Bob Guthrie, a volunteer scientist at the University of Minnesota Horticultural Research Center and hardy kiwi historian, said the seeds were first brought to the United States from Sapporo, Japan by Colonel William S. Clark, a Civil War veteran who founded the Massachusetts Agricultural College in Amherst, which later became the University of Massachusetts.

During the Gilded Age, the creeping vine was prized for its ornamental value on the columns and trellises of grand estates in Lenox like the Hotel Aspinwall and Fernbook, the summer home of the artist Thomas Shields Clarke, Guthrie said.

But the vine has grown well beyond its genteel roots.

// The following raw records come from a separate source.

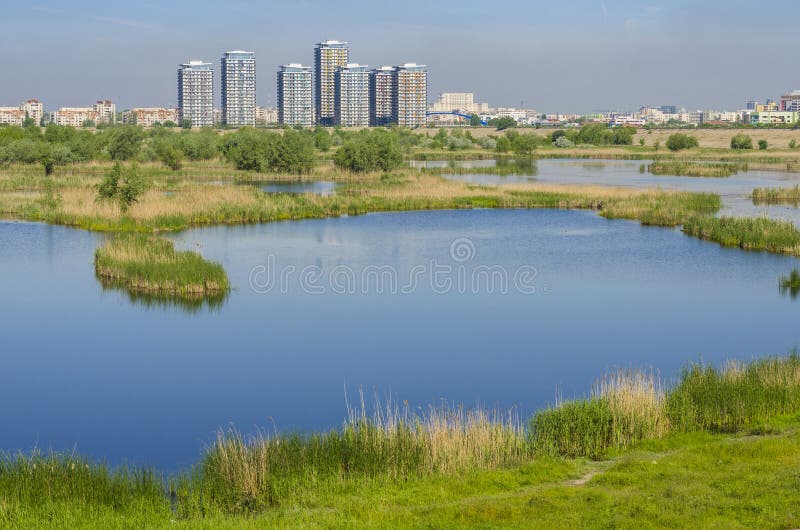 City suburbs with ecosystem Vacaresti Lake near south-eastern Bucharest with tall residential buildings on May 7, 2014 in Bucharest. Also known as the Delta of Bucharest, Vacaresti lake is a strange, intriguing raw nature island between communist blocks of flats in a southern district of Bucharest, covering around 200 hectares, including some 80 hectares of water; a stable ecosystem consisting of fish, wild ducks, swans, lizards and gulls where during the summer nest over 90 species of wild birds. City suburbs with ecosystem Vacaresti Lake near south-eastern Bucharest with tall residential buildings on May 7, 2014 in Bucharest. Also known as the Delta of Bucharest, Vacaresti lake is a strange, intriguing raw nature island between communist blocks of flats in a southern district of Bucharest, covering around 200 hectares, including some 80 hectares of water; a stable ecosystem consisting of fish, wild ducks, swans, lizards and gulls where during the summer nest over 90 species of wild birds.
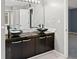 Modern bathroom with double vanity, vessel sinks, and dark brown cabinets at 201 Nina Cir, Locust Grove, GA 30248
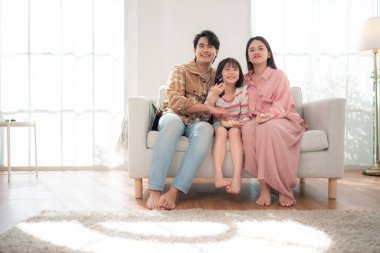 Bir aile birlikte kanepede oturuyor, televizyon izliyor ve parlak bir oturma odasında patlamış mısırın tadını çıkarıyor.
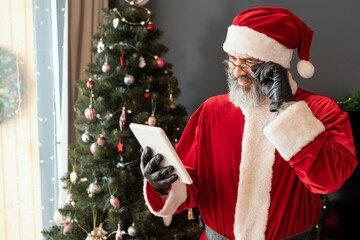 Content Santa Claus in black gloves adjusting eyeglasses while reading internet news on tablet in living room with Christmas tree
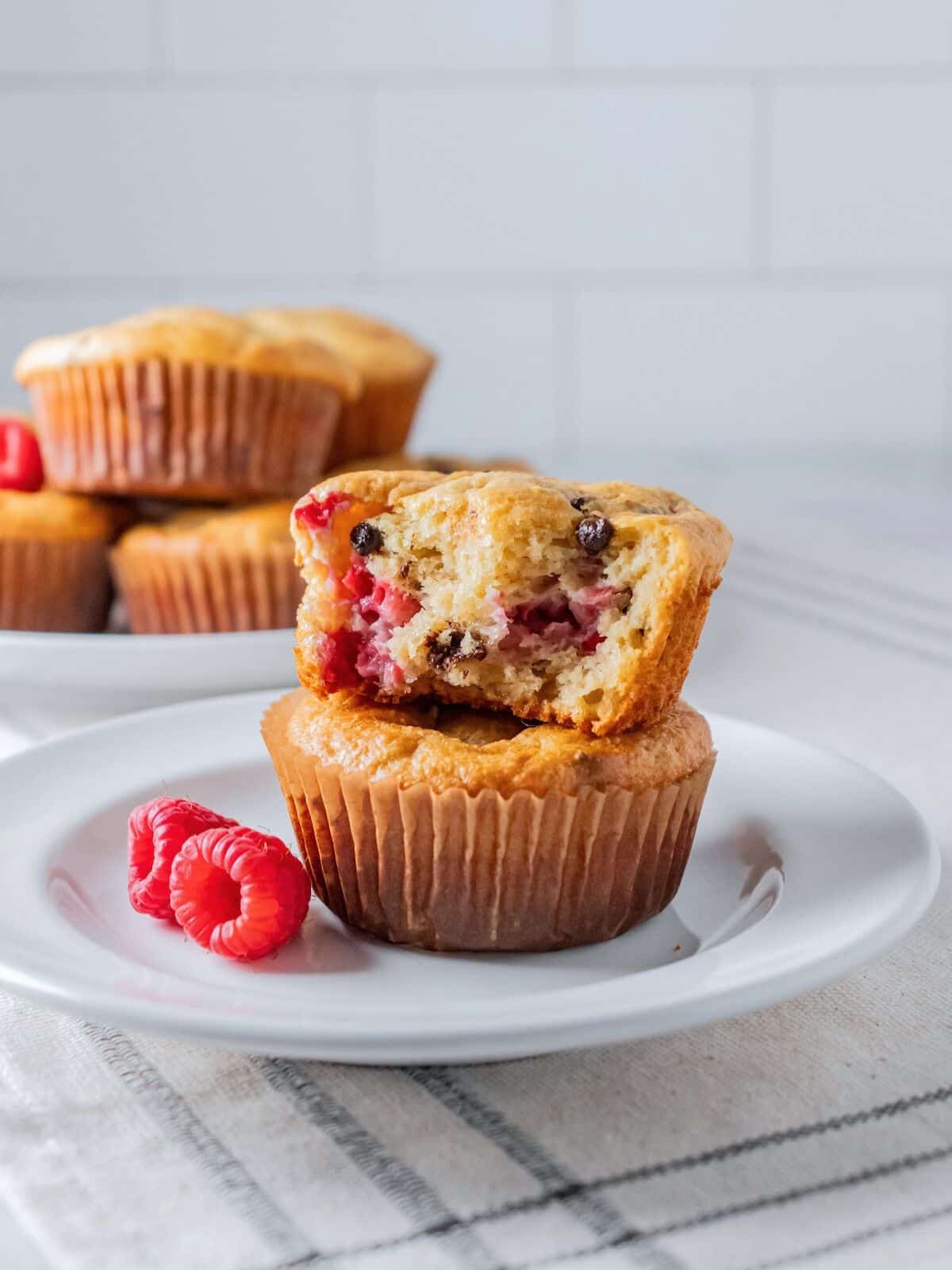 Stacked raspberry muffins with a bite taken out of the top one.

In recent years, it has strangled more than 100 acres of forest in Kennedy Park in Lenox, a popular hiking spot where town officials have spent $75,000 to remove tangled canopies of kiwi vines with herbicides and blades.

“It’s displacing and hurting the existing native species and habitat that make up a resilient and healthy forest system,” said Gwen Miller, Lenox’s land-use director.

Tuesday’s hearing by the state Department of Agricultural Resources will weigh whether to ban the fruit, as recommended by the Invasive Plant Advisory Group, a panel of botanists, ecologists, and nursery industry officials that concluded in December that the fruit is “likely invasive.”

That damning judgment was based on several criteria, including the fact that it is not native to Massachusetts and has the ability to spread widely and rapidly and jump spatial gaps.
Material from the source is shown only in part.